Dr Angeliki Lymberopoulou lectures on Byzantine Studies at the Open
University, and is an expert on the art and society of
Venetian-dominated Crete (1211-1669). During this period, Crete was
perhaps the most important Venetian stronghold in the Mediterranean .
The traditional view that there was little cultural interaction between
the native Greek Orthodox population and the Venetian colonists has
recently been cast in doubt. From the early fourteenth century onwards,
the two ethnically and religiously different inhabitants of Crete formed
in fact a hybrid society, and Cretan artistic development reflects this
progress. The book focuses as a case study on the church of the
Archangel Michael at Kavalariana. This is a small church in the village
of Kavalariana on the south-western part of the island. It is dated by a
dedicatory inscription to the year 1327/28. The conservative
iconographic programme of the wall paintings inside the church consists
of seventeen religious scenes and thirty-three isolated saintly figures.
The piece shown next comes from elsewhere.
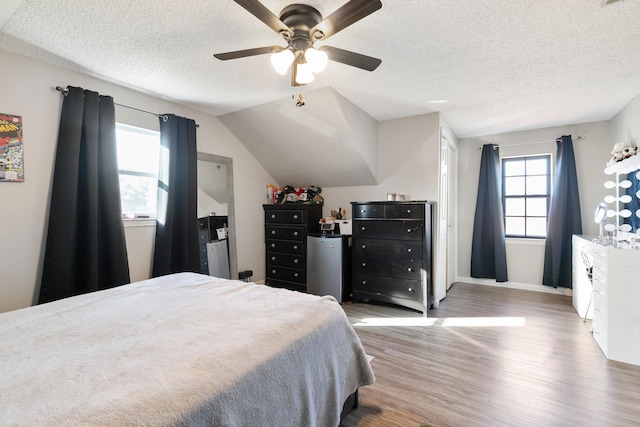 bedroom featuring ceiling fan, light wood-type flooring, a textured ceiling, and vaulted ceiling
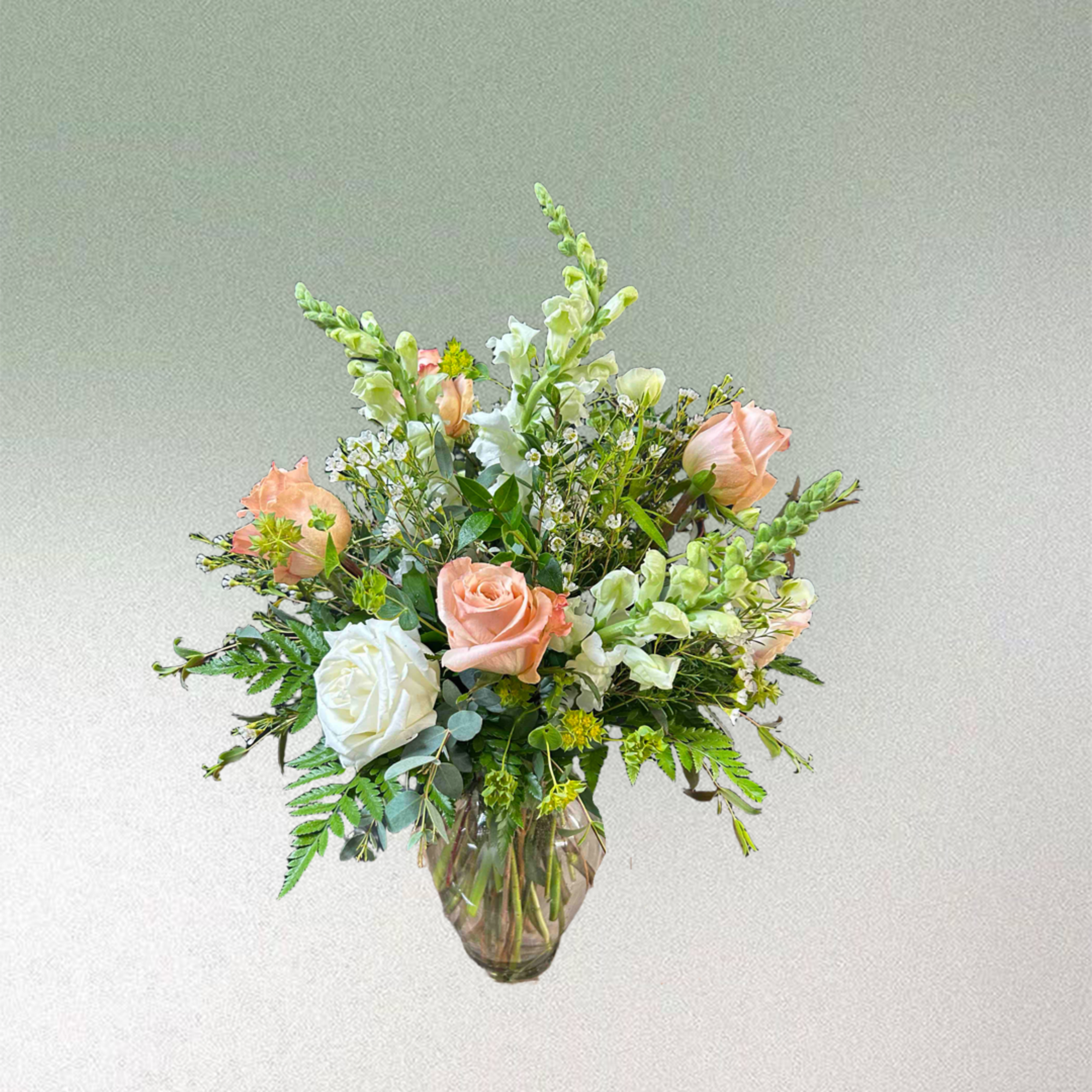 Elegant bouquet with peach and white flowers.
As the paintings are signed Ioannes, they have been attributed to the
prolific fourteenth-century Cretan artist Ioannes Pagomenos. A close
examination of the style and comparisons with Pagomenos' oeuvre suggest,
however, that Ioannes of Kavalariana was a separate artist with an
identity of his own. A unique feature of the Kavalariana cycle is the
pro-Venetian inscription which, in combination with the fourteen
portraits of the donors that appear in the church, forms an important
witness to Venetian/Cretan cultural interaction.